> _Task statement_:
Every line below is to be set down again exactly; any image stays out.

> _Source material_:
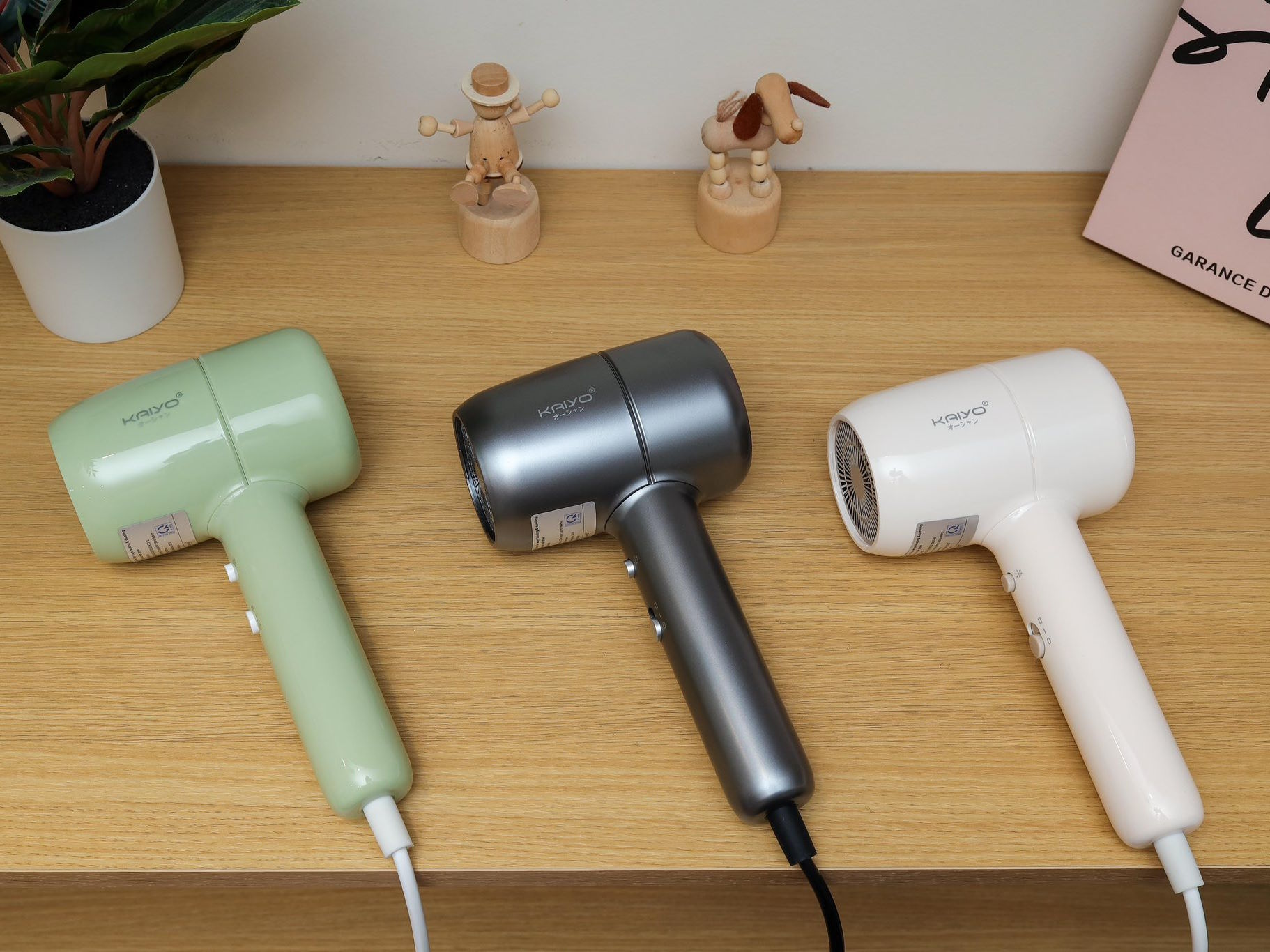 Máy sấy tóc ion âm hai chiều nóng lạnh Kaiyo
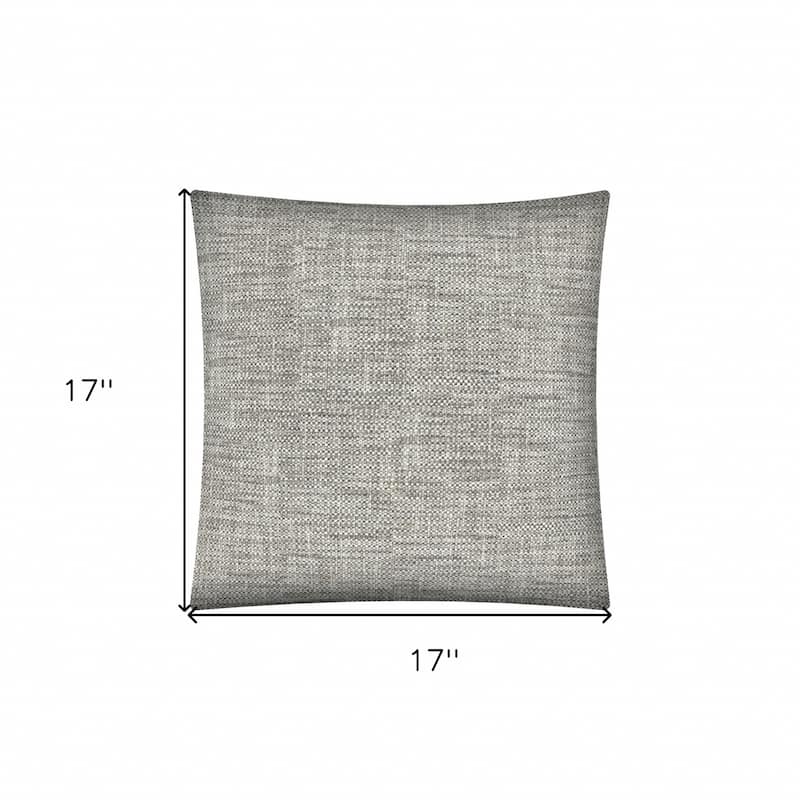 17" Brown Indoor Outdoor Throw Pillow Cover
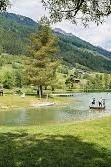Landscape lake in Kampl/Neustift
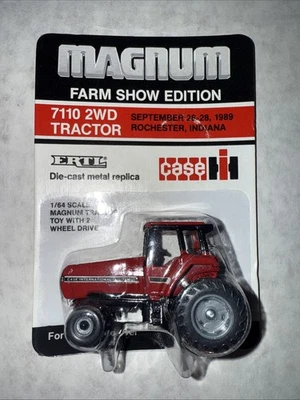 Tractor Case IH Magnum 7110 2x2 escala 1/64 ERTL - 1989 edición Farm Show nuevo en paquete Foto 1 de 3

> _Output below_:
 Máy sấy tóc ion âm hai chiều nóng lạnh Kaiyo
 17" Brown Indoor Outdoor Throw Pillow Cover
Landscape lake in Kampl/Neustift
 Tractor Case IH Magnum 7110 2x2 escala 1/64 ERTL - 1989 edición Farm Show nuevo en paquete Foto 1 de 3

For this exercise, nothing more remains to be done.